“I will have the opportunity to travel to Ramallah (in the West Bank) at the end of the day,” Emmanuel Macron declared alongside the Israeli Prime Minister on Tuesday, October 24. According to franceinfo, he will meet Mahmoud Abbas, President of the Palestinian Authority. At the end of the morning, the French President spoke with Benjamin Netanyahu before making a joint statement. In particular, he expressed “France’s condolences” to the Israeli people and assured that France had shared a “terrible ordeal” with its counterpart, while Hamas militants still hold hostages. “We are democracies against terrorists,” he added. Follow our live stream.
“The first goal is the release of the hostages.” Emmanuel Macron met his Israeli counterpart Isaac Herzog in Jerusalem on Tuesday morning. “We have to organize targeted operations against terrorists,” he explained. In the morning he remembered
A meeting with families of the victims. Upon his arrival, the President met around thirty French people in the lounges of Ben-Gurion Airport in Tel Aviv, with 18 families of the victims represented. In particular, relatives of Mia Shem, the French-Israeli woman held hostage and featured in a video broadcast by Hamas on October 16, were present.
Two hostages released by Hamas. According to the Israeli Prime Minister’s Office, which revealed their identities, these two women of Israeli nationality are from Kibbutz Nir Oz: Yocheved Lifschitz, 85 years old, and Nourit Kuper, 79 years old. Their husbands are still imprisoned. About 220 Israeli, foreign or binational hostages were identified by Israel and captured by men of the Palestinian Islamist movement in the Gaza Strip.
Humanitarian aid in small quantities. International aid has been arriving via Egypt since Saturday. On Monday, a third convoy crossed the border at Rafah, the only border crossing into Gaza that is not under Israeli control. A total of around fifty trucks were able to arrive in three days; according to the UN, at least 100 are needed per day.

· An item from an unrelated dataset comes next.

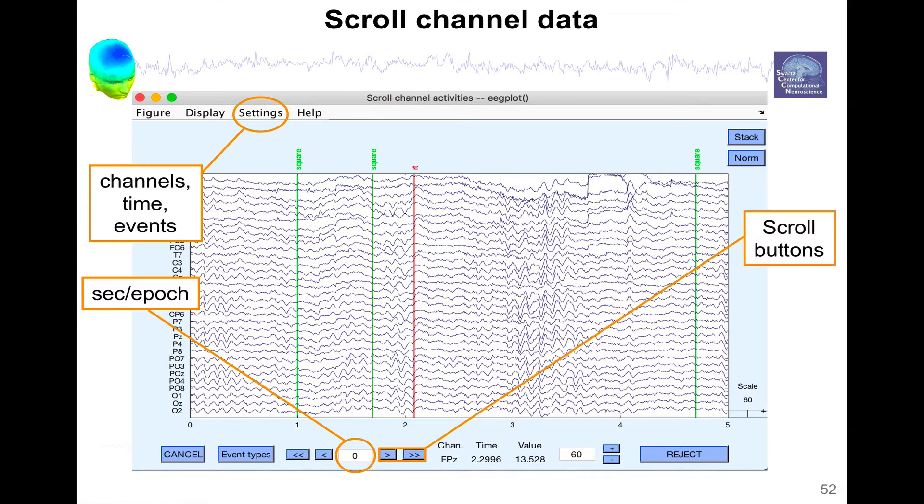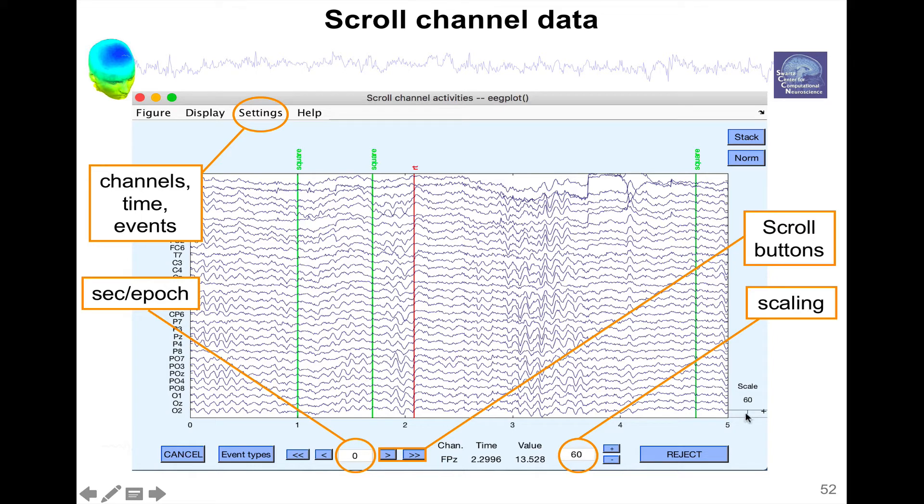These buttons are for scrolling back and forth. This is the button for scaling, so you can scale the EEG up and down, and here is the scaling, the scale shown here.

The strikes are still ongoing. Since October 15, the Israeli army has been urging civilians in the north of the Gaza Strip, where the bombing is most intense, to flee to the south. However, the strikes continue to impact the south, near the Egyptian border, where hundreds of thousands of displaced people are crowding. The humanitarian situation is “catastrophic,” the United Nations warned. At least 1.4 million Palestinians have fled their homeland.